(Instructions to follow) Print the listing exactly as it stands. Skip every picture.

(Available data)
_ _ _ _ _
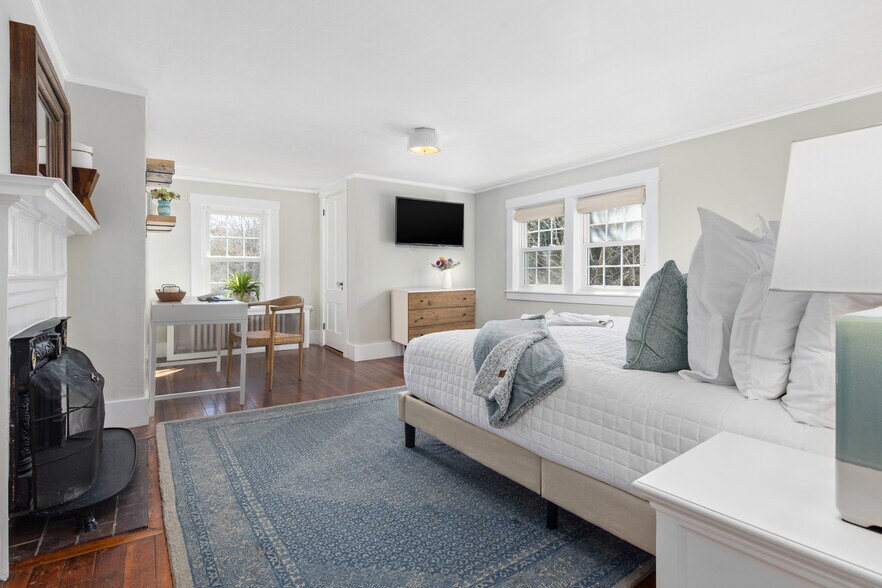 More Photos Of 90 Manaquayak Rd, West Tisbury Hotel For Sale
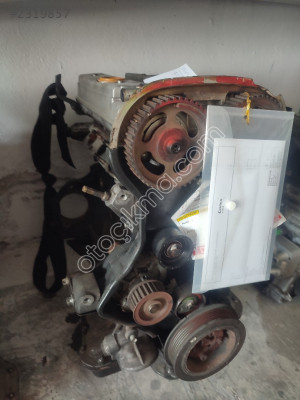Opel Vectra B 2.0 motor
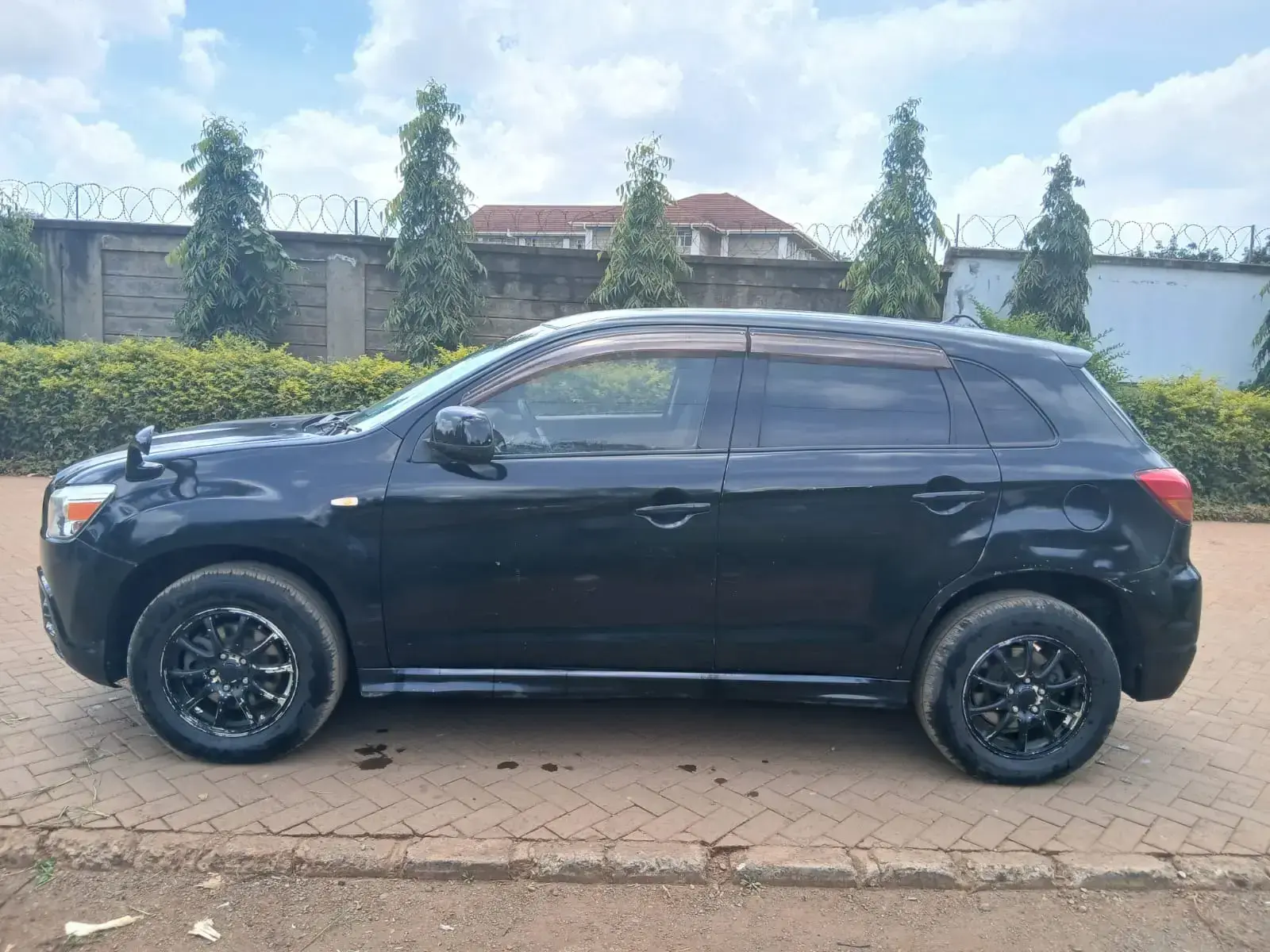 Mitsubishi RVR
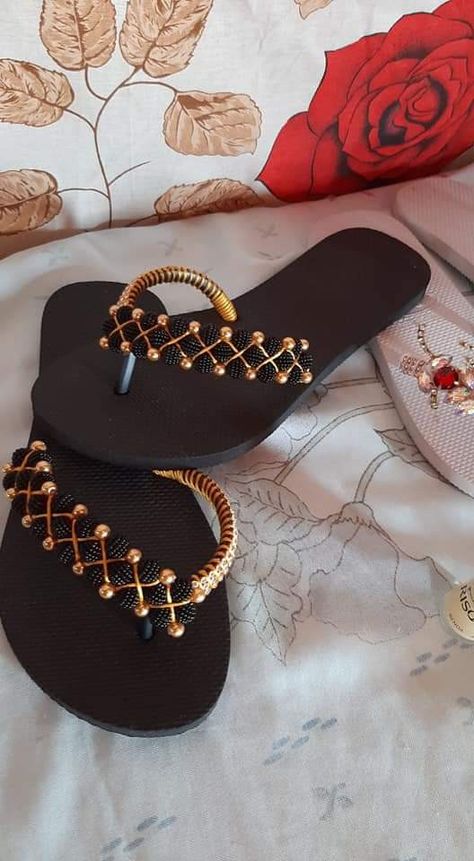 Bling Flip Flops, Beaded Flip Flops, Diy Sandals, Color Combos Outfit, Shoes Outfit Fashion, Embellished Shoes, Personalized Shoes, Modern Engagement Rings, Girly Shoes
_ _ _ _ _
(Result below)
 More Photos Of 90 Manaquayak Rd, West Tisbury Hotel For Sale
Opel Vectra B 2.0 motor
 Mitsubishi RVR
 Bling Flip Flops, Beaded Flip Flops, Diy Sandals, Color Combos Outfit, Shoes Outfit Fashion, Embellished Shoes, Personalized Shoes, Modern Engagement Rings, Girly Shoes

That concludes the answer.